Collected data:
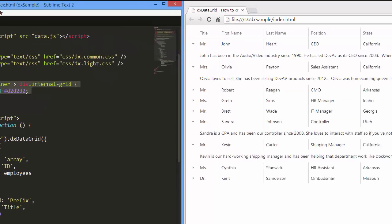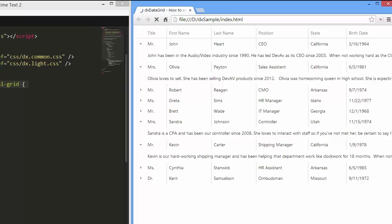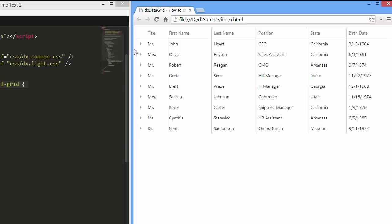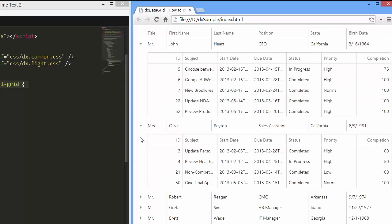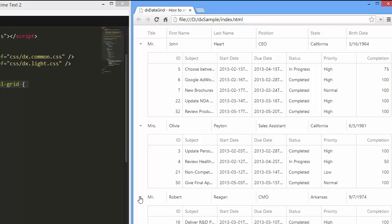Let's see the result. As you can see, each detail row shows tasks assigned to a person from the corresponding master row.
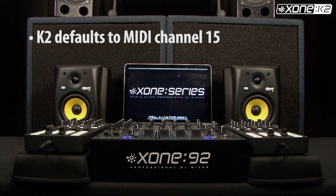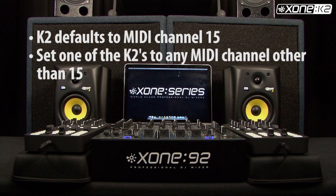By default, the Zone K2 transmits on MIDI channel 15, so set one of the K2s to any MIDI channel other than 15.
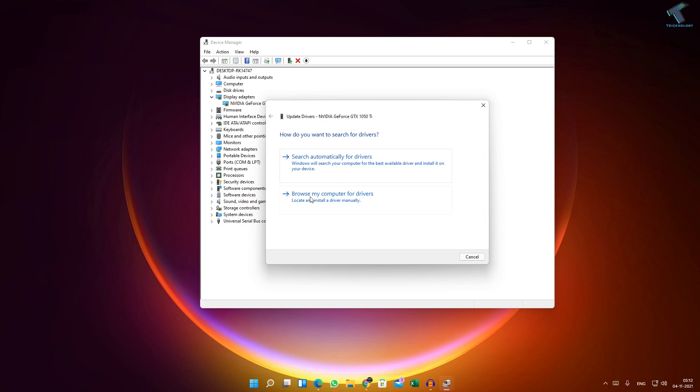Here you will get two options: search automatically for drivers and browse from my computer for drivers. If you have drivers already downloaded from the internet, then you can browse and use this option.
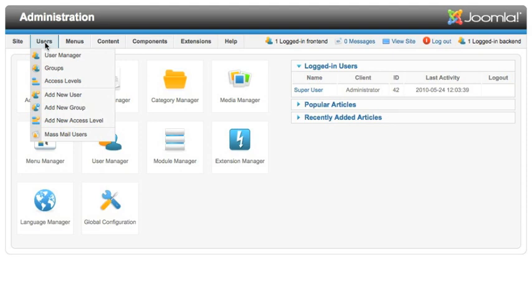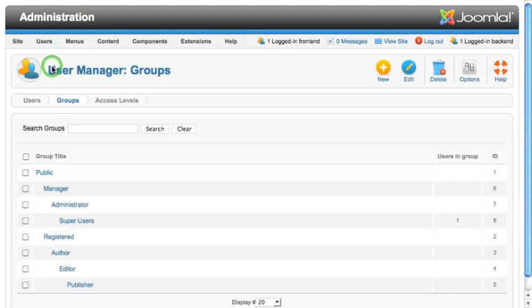The ability to customize user groups is new in Joomla 1.6. You can find the link to the groups manager under the new users menu in the administrator. You'll see the user group tree, which is what you're familiar with in Joomla 1.5.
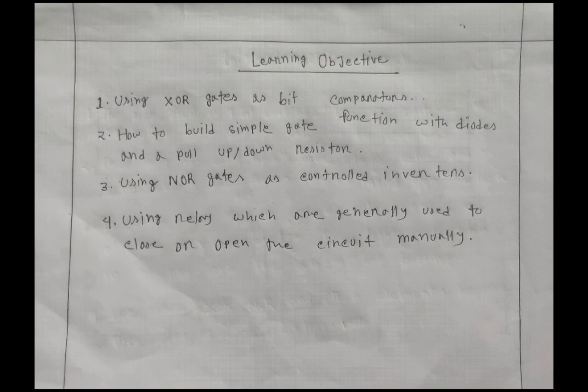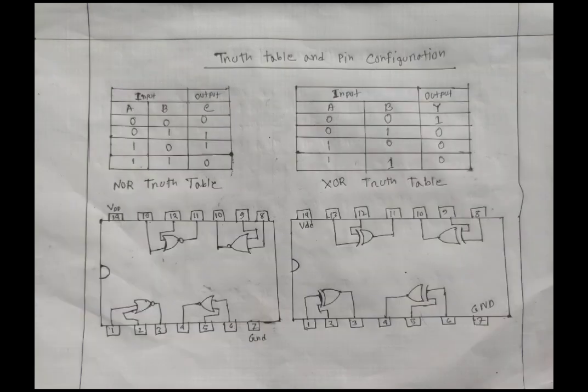Learning objectives: using XOR gate as a bit comparator, how to build a simple gate function with diode and pull-up and pull-down resistors, using NOR gates as control inverters, and using relay which is generally used to close or open the circuit manually.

Requirement
Every line from the one containing "By default, the" through the end of the entries above, both included, should be extracted exactly, with pictures left out.

Expected answer
By default, the Zone K2 transmits on MIDI channel 15, so set one of the K2s to any MIDI channel other than 15.
Here you will get two options: search automatically for drivers and browse from my computer for drivers. If you have drivers already downloaded from the internet, then you can browse and use this option.
The ability to customize user groups is new in Joomla 1.6. You can find the link to the groups manager under the new users menu in the administrator. You'll see the user group tree, which is what you're familiar with in Joomla 1.5.
Learning objectives: using XOR gate as a bit comparator, how to build a simple gate function with diode and pull-up and pull-down resistors, using NOR gates as control inverters, and using relay which is generally used to close or open the circuit manually.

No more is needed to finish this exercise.